Rachel estuvo a punto de sufrir un ataque de nervios en pleno supermercado mientras todos la miraban, y al final no tuvo más remedio que ceder ante los pequeños. Sin embargo, cuando llegó a la caja para pagar, la esperaba otro disgusto.

«¿Tan difícil es revisar los precios antes de meter las cosas en el carro?», murmuró la cajera, Lindsay. «Le faltan 10 dólares, así que tengo que quitar algunos productos». Empezó a apartar las galletas de chocolate, las chocolatinas y otros artículos para rehacer el total, pero Rachel la interrumpió.
«Por favor, no quite esas cosas. Ehh… hagamos otra cosa. Yo devolveré el pan y…», dijo Rachel, tratando de seleccionar qué podía dejar.
La ayuda puede llegar desde donde menos se espera. Mientras tanto, Max se había alejado hacia otro pasillo, donde estaban los cartones de leche, y Rachel estaba demasiado ocupada para darse cuenta. El niño deambulaba por la tienda cuando se cruzó con una señora mayor. «Hola, jovencito. Soy la señora Simpson. ¿Cómo te llamas? ¿Y qué haces aquí solo?», preguntó ella con una sonrisa.
«Hola, señora Simpson. Yo soy Max y tengo cuatro años. ¿Y cuántos años tiene usted?»
La mujer se ruborizó. «Soy un poquito mayor que tú, Max. Digamos… setenta. ¿Dónde está tu mamá?»
«Mamá está peleando con alguien. Dice que no tiene dinero suficiente y que tenemos que dejar algunas cosas aquí».
«¿Ah, sí?», preguntó la señora Simpson, preocupada. «¿Puedes llevarme con tu mamá?»

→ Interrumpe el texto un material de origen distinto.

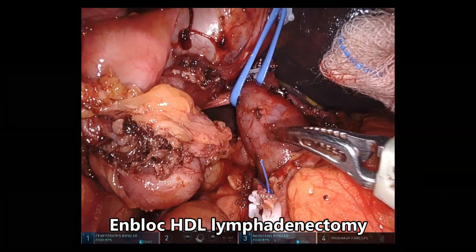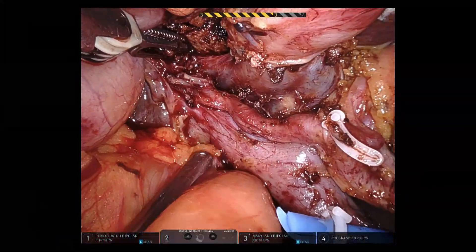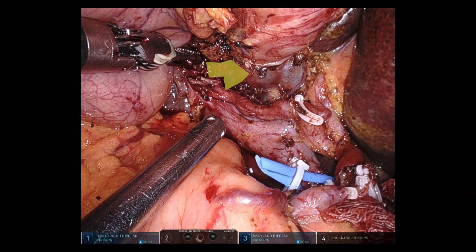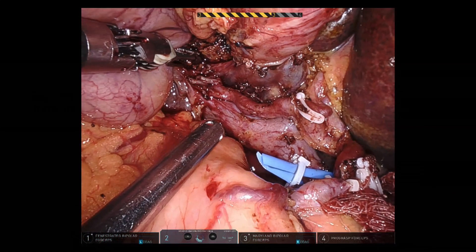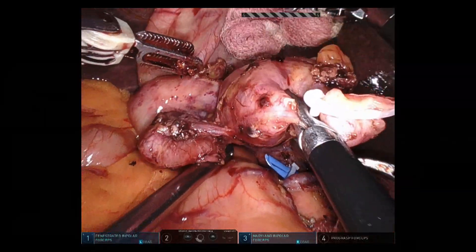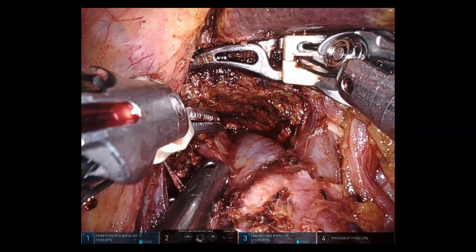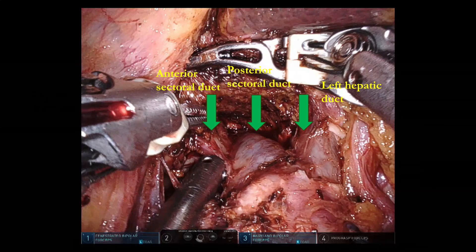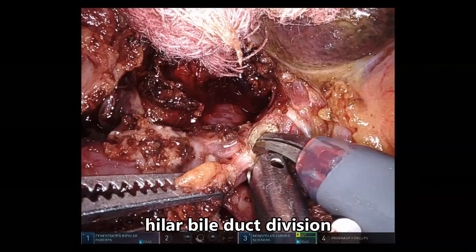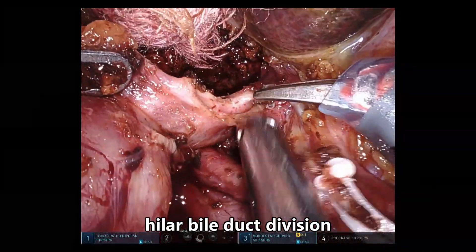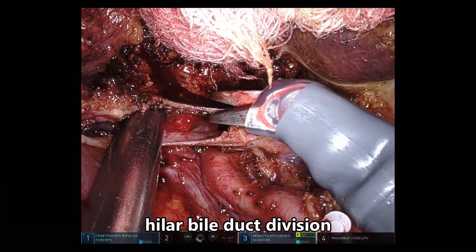En-bloc hepatoduodenal ligament lymphadenectomy is completed. We can clearly observe the hilar bile duct formed by the confluence of the segment 5/8 posterior sectoral duct and the left hepatic duct. The same structures can be viewed from the anterior aspect. The hilar bile duct is divided, and we can observe void bile in this patient. It is critical to send both lower and upper biliary margins to confirm R0 resection.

El niño asintió y echó a correr hacia la caja con la señora Simpson detrás. Lindsay ya estaba perdiendo la paciencia con Rachel y la regañaba. «¡Escuche, señora! Si no puede permitirse estas cosas, ¡no venga aquí! ¡Muévase de una vez! ¡Hay otros clientes esperando!», dijo, apartando la bolsa de Rachel y llamando al siguiente cliente. «¡Siguiente!»

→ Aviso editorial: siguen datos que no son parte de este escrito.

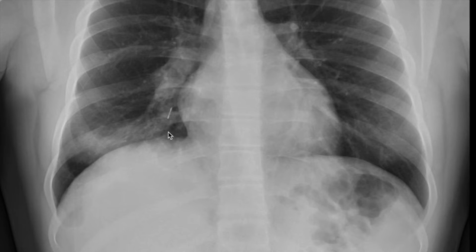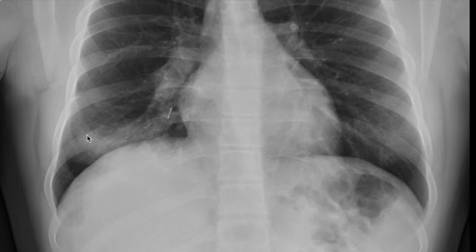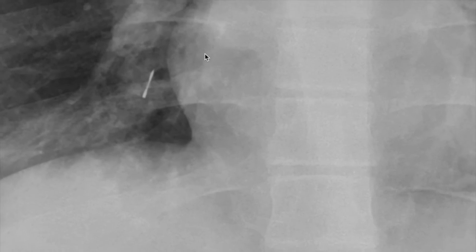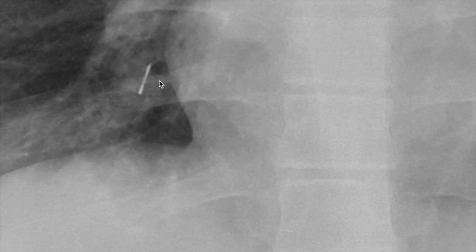The other thing we notice is that in this area of the lung there's an increase in whiteness that is different compared to the left lower lobe, which is normal. This suggests that maybe this is the pneumonia that the patient has presented with. If we just zoom in a little bit, we can get a really good view of this very linear metallic object.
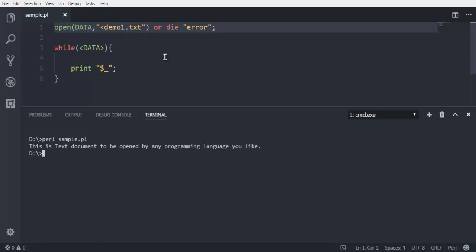So this was a short demo on how to open a text file and how to print out the content from it on command prompt.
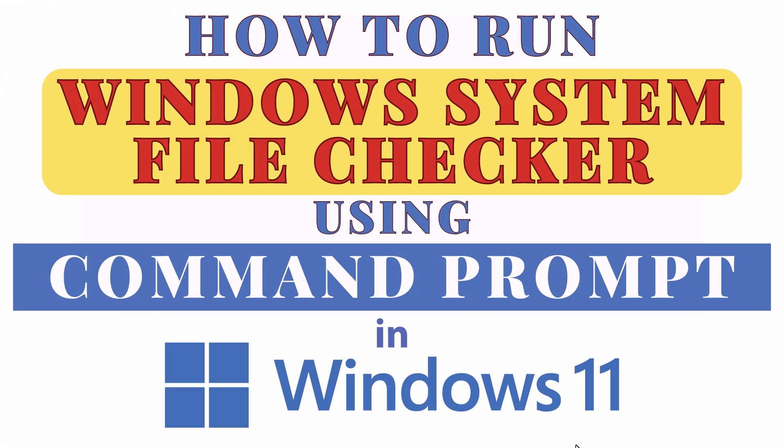This is going to be a video tutorial on how to run Windows System File Checker using the command prompt in Windows 11.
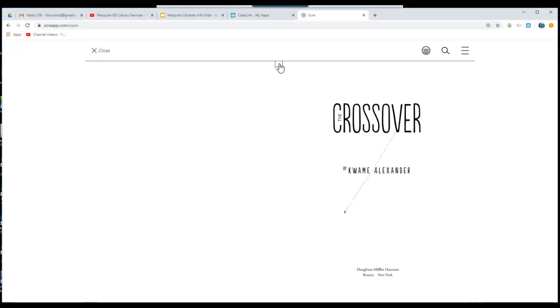Clicking on the bookmark on a page will save that page so that when you come back, it will be ready for you to start again.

«No, por favor, espere…», alcanzó a decir Rachel, cuando una voz a su espalda la interrumpió.
«No hace falta que elimine esos productos. Su cuenta ya está pagada», dijo la señora Simpson, acercándose a Lindsay y tendiéndole su tarjeta de crédito. «Cobre todos los artículos, incluso los que ya había apartado».